*** Begin section ***
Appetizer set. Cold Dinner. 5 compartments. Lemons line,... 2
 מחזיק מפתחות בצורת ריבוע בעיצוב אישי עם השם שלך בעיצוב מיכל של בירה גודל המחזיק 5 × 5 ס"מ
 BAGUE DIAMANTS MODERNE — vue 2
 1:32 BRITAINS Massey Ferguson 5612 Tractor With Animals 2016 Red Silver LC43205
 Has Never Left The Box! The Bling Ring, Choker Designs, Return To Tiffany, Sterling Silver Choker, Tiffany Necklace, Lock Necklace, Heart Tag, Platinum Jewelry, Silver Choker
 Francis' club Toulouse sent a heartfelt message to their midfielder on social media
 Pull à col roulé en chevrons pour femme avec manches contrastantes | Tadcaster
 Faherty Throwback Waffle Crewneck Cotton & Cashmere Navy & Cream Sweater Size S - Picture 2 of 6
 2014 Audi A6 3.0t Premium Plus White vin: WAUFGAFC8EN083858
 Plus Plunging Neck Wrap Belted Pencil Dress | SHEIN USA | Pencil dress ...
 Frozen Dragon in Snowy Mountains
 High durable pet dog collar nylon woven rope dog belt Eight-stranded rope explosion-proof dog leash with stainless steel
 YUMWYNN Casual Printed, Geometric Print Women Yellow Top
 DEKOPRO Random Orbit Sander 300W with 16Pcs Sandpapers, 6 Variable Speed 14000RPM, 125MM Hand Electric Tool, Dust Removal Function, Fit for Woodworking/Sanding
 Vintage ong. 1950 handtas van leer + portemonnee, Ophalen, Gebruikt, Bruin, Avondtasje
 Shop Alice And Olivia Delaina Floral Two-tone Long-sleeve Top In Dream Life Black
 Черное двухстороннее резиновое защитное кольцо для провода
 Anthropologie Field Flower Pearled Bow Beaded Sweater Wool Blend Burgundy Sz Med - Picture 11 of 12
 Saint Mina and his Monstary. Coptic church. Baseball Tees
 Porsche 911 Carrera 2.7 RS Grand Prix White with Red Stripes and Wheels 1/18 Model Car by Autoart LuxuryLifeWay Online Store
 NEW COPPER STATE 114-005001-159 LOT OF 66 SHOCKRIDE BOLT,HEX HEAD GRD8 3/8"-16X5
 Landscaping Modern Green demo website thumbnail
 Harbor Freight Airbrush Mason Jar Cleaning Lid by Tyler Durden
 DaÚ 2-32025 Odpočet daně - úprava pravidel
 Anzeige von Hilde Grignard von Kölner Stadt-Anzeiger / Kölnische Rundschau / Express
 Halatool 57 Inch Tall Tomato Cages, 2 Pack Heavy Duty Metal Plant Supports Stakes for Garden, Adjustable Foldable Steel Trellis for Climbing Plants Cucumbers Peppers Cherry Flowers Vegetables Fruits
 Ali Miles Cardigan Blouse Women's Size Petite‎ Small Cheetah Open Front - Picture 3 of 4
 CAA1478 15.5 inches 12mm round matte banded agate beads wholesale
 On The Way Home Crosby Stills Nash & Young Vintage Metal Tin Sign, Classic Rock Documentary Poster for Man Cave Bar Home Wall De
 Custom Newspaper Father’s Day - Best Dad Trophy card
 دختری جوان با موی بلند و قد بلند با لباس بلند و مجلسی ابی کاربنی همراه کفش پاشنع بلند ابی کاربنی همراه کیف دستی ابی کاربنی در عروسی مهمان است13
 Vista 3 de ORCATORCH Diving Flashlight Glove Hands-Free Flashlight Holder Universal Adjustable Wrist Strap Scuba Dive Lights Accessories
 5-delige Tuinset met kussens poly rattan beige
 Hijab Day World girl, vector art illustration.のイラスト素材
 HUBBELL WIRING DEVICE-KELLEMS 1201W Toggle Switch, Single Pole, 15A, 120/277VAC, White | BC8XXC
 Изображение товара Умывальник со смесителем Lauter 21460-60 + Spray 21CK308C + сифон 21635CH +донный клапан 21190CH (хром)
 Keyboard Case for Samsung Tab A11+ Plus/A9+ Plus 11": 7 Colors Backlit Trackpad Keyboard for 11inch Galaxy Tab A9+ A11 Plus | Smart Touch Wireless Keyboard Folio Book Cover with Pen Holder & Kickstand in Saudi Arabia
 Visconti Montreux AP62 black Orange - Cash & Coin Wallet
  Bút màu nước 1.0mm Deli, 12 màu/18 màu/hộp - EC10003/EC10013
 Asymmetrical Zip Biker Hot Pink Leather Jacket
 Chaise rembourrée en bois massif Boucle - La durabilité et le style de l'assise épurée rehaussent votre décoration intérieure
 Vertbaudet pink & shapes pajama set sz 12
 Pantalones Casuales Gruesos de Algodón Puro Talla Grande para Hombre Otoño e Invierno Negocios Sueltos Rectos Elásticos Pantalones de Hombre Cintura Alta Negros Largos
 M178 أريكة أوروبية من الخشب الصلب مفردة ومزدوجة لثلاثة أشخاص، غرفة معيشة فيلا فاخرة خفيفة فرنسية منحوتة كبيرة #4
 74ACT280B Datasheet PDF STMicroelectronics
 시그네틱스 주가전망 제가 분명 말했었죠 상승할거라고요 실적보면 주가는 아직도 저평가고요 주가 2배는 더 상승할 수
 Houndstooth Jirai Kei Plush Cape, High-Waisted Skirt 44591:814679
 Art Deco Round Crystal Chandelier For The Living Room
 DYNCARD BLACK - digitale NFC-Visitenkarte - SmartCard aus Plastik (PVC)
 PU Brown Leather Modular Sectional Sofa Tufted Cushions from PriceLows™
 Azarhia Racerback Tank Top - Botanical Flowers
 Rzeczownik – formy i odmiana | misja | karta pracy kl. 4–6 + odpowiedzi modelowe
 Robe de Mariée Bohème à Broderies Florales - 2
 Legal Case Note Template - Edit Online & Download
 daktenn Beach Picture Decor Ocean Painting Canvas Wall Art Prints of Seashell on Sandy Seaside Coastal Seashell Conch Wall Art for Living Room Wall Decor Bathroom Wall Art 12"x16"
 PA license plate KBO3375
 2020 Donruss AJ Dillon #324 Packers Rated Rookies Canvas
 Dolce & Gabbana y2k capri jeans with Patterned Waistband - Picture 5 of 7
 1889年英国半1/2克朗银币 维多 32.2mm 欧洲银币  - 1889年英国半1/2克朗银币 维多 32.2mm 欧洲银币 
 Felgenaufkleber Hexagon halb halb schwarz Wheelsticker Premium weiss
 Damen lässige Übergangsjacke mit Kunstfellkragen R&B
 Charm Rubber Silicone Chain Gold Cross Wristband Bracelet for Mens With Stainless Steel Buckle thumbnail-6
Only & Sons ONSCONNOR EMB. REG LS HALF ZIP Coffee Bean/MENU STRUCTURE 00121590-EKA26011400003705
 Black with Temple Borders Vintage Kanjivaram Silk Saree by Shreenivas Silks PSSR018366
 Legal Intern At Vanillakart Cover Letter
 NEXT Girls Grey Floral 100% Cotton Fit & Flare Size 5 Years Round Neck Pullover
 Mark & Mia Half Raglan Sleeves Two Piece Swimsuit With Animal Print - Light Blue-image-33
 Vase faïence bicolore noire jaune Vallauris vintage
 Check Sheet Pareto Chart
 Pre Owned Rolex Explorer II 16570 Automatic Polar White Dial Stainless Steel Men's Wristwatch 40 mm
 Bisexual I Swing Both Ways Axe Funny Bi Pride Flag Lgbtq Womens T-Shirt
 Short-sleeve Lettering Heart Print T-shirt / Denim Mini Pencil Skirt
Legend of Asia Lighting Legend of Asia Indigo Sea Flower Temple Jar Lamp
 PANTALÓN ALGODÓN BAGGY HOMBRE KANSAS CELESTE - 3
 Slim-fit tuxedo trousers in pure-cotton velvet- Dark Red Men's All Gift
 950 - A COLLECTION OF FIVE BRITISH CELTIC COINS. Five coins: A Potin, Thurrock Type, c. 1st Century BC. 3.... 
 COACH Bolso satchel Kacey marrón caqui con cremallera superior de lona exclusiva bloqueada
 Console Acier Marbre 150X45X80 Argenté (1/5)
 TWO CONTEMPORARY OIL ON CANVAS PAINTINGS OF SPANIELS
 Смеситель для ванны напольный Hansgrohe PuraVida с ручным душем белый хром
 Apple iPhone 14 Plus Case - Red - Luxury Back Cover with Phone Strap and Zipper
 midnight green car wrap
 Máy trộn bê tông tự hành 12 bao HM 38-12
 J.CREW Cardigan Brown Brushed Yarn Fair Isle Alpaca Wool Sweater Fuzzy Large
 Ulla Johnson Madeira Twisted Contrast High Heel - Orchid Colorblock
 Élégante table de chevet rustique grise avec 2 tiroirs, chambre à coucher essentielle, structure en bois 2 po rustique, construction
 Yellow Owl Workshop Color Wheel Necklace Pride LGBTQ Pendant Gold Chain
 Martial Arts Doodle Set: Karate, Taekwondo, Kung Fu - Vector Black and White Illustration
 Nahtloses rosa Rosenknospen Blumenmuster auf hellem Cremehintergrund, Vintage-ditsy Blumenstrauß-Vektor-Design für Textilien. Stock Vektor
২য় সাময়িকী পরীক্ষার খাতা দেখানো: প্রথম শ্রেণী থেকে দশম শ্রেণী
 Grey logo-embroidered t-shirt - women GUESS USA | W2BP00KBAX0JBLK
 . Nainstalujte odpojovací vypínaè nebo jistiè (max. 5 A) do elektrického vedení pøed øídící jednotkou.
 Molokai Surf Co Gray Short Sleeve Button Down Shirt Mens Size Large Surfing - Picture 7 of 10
*** End section ***
#### [WHAT TO DO]
What is needed is an exact copy of the entries above, from the first line through the line holding "Vintage ong. 1950", with both of those lines kept; please give nothing else.

#### [RESULT OF THIS TASK]
Appetizer set. Cold Dinner. 5 compartments. Lemons line,... 2
 מחזיק מפתחות בצורת ריבוע בעיצוב אישי עם השם שלך בעיצוב מיכל של בירה גודל המחזיק 5 × 5 ס"מ
 BAGUE DIAMANTS MODERNE — vue 2
 1:32 BRITAINS Massey Ferguson 5612 Tractor With Animals 2016 Red Silver LC43205
 Has Never Left The Box! The Bling Ring, Choker Designs, Return To Tiffany, Sterling Silver Choker, Tiffany Necklace, Lock Necklace, Heart Tag, Platinum Jewelry, Silver Choker
 Francis' club Toulouse sent a heartfelt message to their midfielder on social media
 Pull à col roulé en chevrons pour femme avec manches contrastantes | Tadcaster
 Faherty Throwback Waffle Crewneck Cotton & Cashmere Navy & Cream Sweater Size S - Picture 2 of 6
 2014 Audi A6 3.0t Premium Plus White vin: WAUFGAFC8EN083858
 Plus Plunging Neck Wrap Belted Pencil Dress | SHEIN USA | Pencil dress ...
 Frozen Dragon in Snowy Mountains
 High durable pet dog collar nylon woven rope dog belt Eight-stranded rope explosion-proof dog leash with stainless steel
 YUMWYNN Casual Printed, Geometric Print Women Yellow Top
 DEKOPRO Random Orbit Sander 300W with 16Pcs Sandpapers, 6 Variable Speed 14000RPM, 125MM Hand Electric Tool, Dust Removal Function, Fit for Woodworking/Sanding
 Vintage ong. 1950 handtas van leer + portemonnee, Ophalen, Gebruikt, Bruin, Avondtasje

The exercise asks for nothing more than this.